In-Depth Evaluation of Automated Fruit Harvesting in Unstructured Environment for Improved Robot Design

Abstract

Using modern machines like robots comes with its set of challenges when encountered with unstructured scenarios like occlusion, shadows, poor illumination, and other environmental factors. Hence, it is essential to consider these factors while designing harvesting robots. Fruit harvesting robots are modern automatic machines that have the ability to improve productivity and replace labor for repetitive and laborious harvesting tasks. Therefore, the aim of this paper is to design an improved orange-harvesting robot for a real-time unstructured environment of orchards, mainly focusing on improved efficiency in occlusion and varying illumination. The article distinguishes itself with not only an efficient structural design but also the use of an enhanced convolutional neural network, methodologically designed and fine-tuned on a dataset tailored for oranges integrated with position visual servoing control system. Enhanced motion planning uses an improved rapidly exploring random tree star algorithm that ensures the optimized path for every robot activity. Moreover, the proposed machine design is rigorously tested to validate the performance of the fruit harvesting robot.

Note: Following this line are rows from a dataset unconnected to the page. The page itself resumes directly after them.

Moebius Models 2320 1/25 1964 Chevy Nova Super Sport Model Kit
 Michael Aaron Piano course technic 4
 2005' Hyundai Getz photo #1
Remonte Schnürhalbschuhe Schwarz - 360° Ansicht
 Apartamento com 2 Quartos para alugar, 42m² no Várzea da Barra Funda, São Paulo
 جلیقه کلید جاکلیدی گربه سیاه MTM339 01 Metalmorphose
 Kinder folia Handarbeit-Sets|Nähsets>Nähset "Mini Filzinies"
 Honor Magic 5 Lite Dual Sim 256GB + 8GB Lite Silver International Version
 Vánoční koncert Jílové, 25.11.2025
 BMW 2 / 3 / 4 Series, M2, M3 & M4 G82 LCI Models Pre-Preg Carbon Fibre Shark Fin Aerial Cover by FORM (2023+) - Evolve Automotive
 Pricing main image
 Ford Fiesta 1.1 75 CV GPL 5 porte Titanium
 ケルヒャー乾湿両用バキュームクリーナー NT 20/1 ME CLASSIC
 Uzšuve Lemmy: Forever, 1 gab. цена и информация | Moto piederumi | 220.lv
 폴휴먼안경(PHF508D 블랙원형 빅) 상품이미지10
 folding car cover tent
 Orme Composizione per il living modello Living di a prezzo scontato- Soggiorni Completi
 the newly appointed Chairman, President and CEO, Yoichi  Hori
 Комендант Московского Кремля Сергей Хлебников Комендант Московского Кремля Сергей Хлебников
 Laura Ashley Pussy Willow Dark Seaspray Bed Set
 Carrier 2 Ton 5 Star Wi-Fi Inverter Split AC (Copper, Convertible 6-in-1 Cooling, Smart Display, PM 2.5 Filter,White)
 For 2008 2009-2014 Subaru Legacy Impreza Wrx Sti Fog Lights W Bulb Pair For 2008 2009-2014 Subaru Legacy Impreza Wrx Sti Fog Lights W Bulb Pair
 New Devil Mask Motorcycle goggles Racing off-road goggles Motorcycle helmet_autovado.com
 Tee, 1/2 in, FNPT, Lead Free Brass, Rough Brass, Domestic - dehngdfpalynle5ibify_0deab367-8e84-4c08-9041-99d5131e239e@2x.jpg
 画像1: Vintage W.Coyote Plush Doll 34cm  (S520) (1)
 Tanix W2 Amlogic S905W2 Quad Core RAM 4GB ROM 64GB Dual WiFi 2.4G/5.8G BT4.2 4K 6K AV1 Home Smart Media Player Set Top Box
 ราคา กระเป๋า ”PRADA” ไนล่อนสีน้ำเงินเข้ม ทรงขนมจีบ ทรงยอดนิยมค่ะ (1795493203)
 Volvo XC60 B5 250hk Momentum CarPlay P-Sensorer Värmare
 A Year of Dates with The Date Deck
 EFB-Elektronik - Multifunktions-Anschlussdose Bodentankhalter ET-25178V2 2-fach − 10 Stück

The unique aspect of this paper is the in-depth evaluation of robots to test five areas of performance that include not only the accurate detection of the fruit, time of fruit picking, and success rate of fruit picking, but also the damage rate of fruit picked as well as the consistency rate of the robot picking in varying illumination and occlusion. The results are then analyzed and compared with the performance of a previous design of fruit harvesting robot. The study ensures improved results in most aspects of the design for performance in an unstructured environment.